The U.S. dollar was modestly higher on Tuesday morning, as traders held off from making large bets ahead of the Federal Reserve policy announcement on Wednesday.
The Fed begins its two-day policy meeting on Tuesday, and will issue a statement and economic projections at the conclusion of the meeting tomorrow. It is expected to leave its benchmark overnight policy rate unchanged at the current range of between 2.25% and 2.5%. But slow employment growth in May, the ongoing trade war with China, comments by Federal Open Market Committee members and weak inflation data have increased expectations for dovish remarks.
The dollar index was last up 0.17% at 97.728.
“Markets are largely keeping the powder dry ahead of tomorrow’s Fed announcement,” said Karl Schamotta, chief market strategist at Cambridge Global Payments.
“We’re thinking that we are going to see a relatively dovish announcement, certainly acknowledging that risks have grown since the April meeting,” said Schamotta, citing the expectation in April that a U.S.-China trade deal was near.
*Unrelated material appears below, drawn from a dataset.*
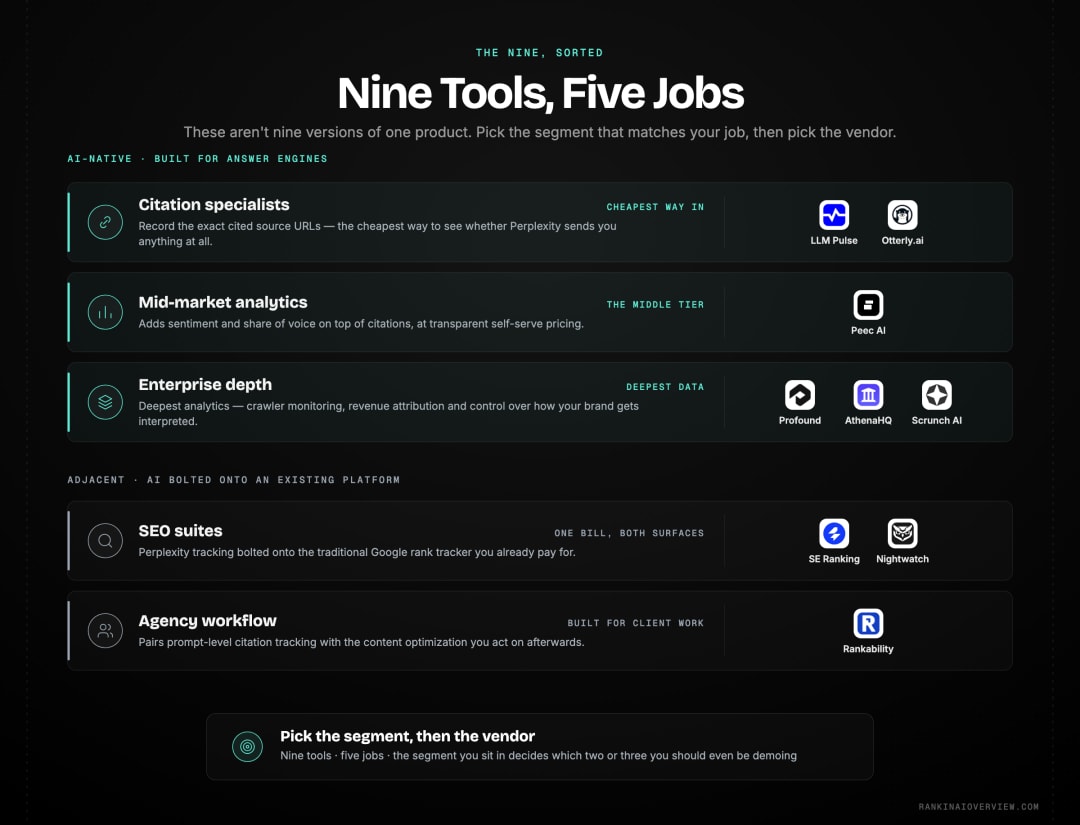 Infographic showcasing the nine Perplexity rank trackers sorted into five market segments, from citation specialists to enterprise platforms, SEO suites and agency workflow tools
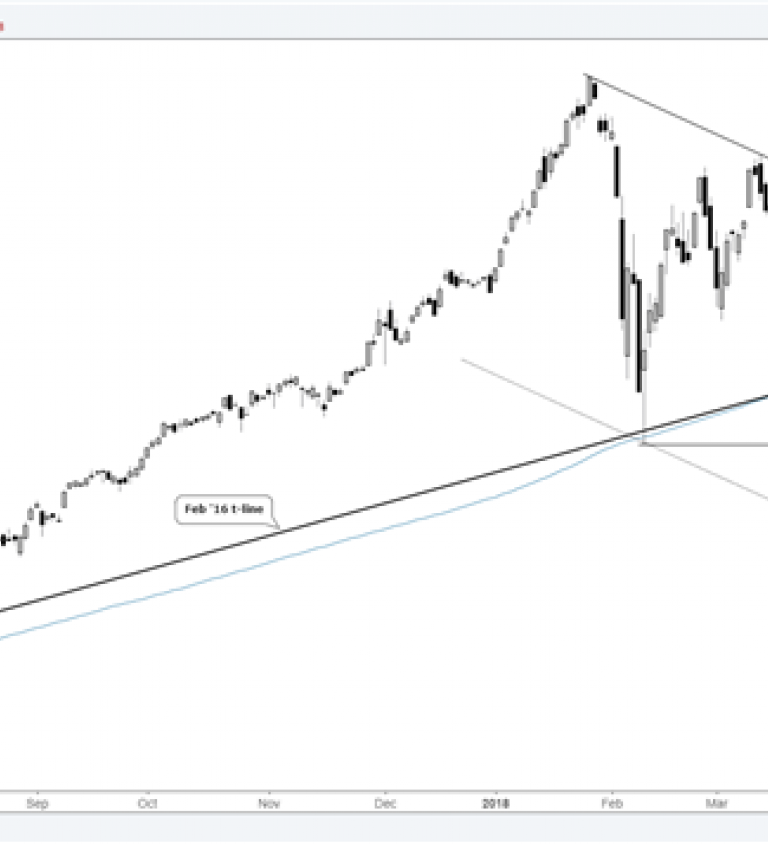 Nasdaq Chart Analysis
“A recognition of that worsening environment is very likely, but a rate cut at this point I don’t think is on the table.”
CME Group’s FedWatch tool puts the probability of a quarter-point interest rate cut by the Fed on Wednesday at 22.5%, with a 70.2% probability of a rate cut at its next meeting in July.
The dollar’s rise was in part pushed by a falling euro, which was down 0.29% at $1.119 after European Central Bank chief Mario Draghi said policymakers will provide more stimulus if inflation does not pick up.
At a speech in Sintra, Portugal, Draghi said the ECB could still cut rates, adjust its guidance, offer mitigating measures to counter the unwanted side effects of negative rates, and also had “considerable headroom” for more asset purchases.
“That is twice in less than two weeks he has warned about the risks to price stability but today we got the clearest hint that a rate cut and/or QE2 could happen,” said Kenneth Broux, a currency strategist at Societe Generale in London.
“Draghi’s words that the council will deliberate ‘in the coming weeks’ is implicitly a reference to the next council meeting in July or September.”
With benchmark euro zone interest rates already in negative territory and inflation expectations well below central bank forecasts, markets perceived Draghi’s comments as dovish.